***** Provided records

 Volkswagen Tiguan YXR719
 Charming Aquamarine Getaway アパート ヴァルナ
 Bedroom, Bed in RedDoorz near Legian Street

**********
***** Provided records

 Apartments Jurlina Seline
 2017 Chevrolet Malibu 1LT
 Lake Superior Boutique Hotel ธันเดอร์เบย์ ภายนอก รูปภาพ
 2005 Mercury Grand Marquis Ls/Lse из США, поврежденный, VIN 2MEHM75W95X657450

**********
***** Provided records

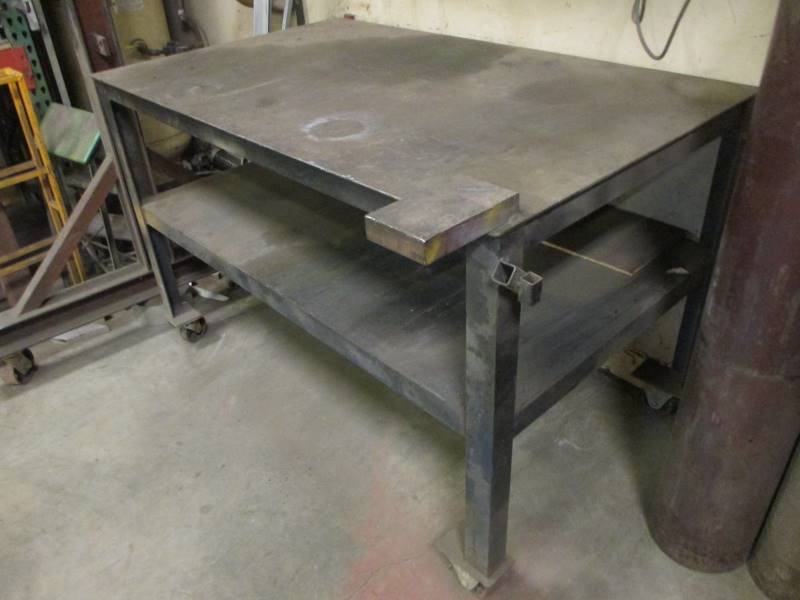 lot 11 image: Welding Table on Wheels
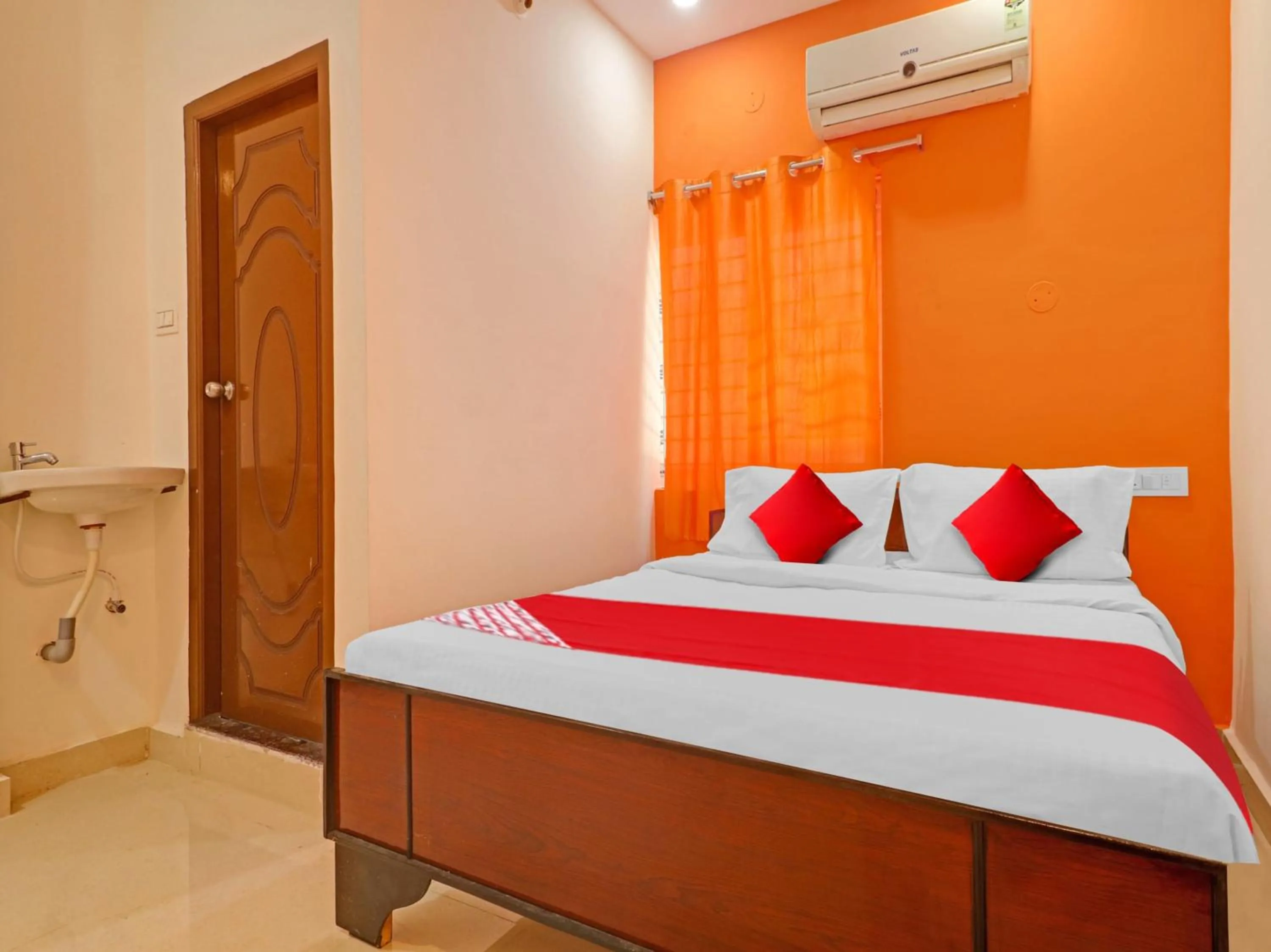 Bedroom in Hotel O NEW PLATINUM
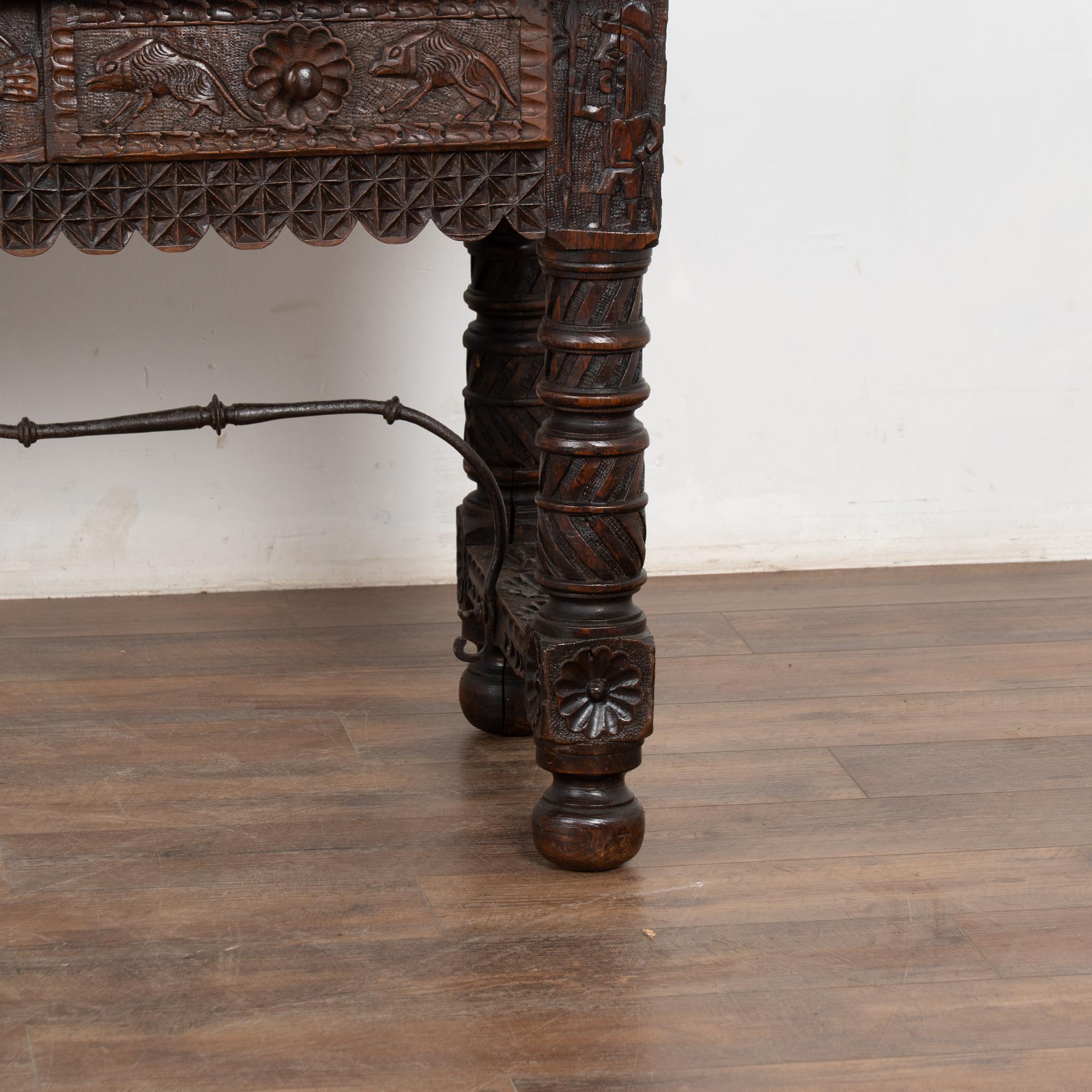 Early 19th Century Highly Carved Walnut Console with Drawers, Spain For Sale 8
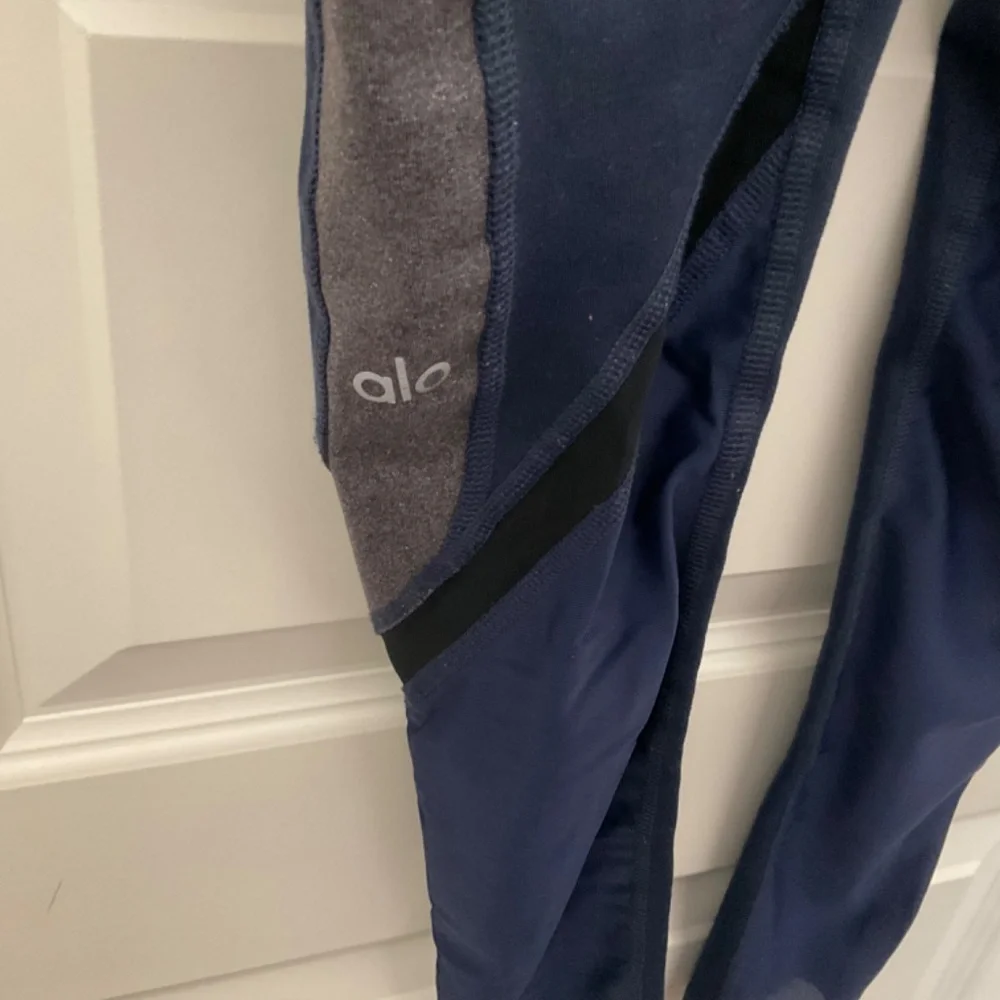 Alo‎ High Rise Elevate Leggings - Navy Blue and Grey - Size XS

**********

Work instructions - Here the output must be the lines above from the line with "Volkswagen Tiguan YXR719" to the line with "Bedroom, Bed in RedDoorz near Legian Street", both included, duplicated word for word and nothing else.

Written answer -
 Volkswagen Tiguan YXR719
 Charming Aquamarine Getaway アパート ヴァルナ
 Bedroom, Bed in RedDoorz near Legian Street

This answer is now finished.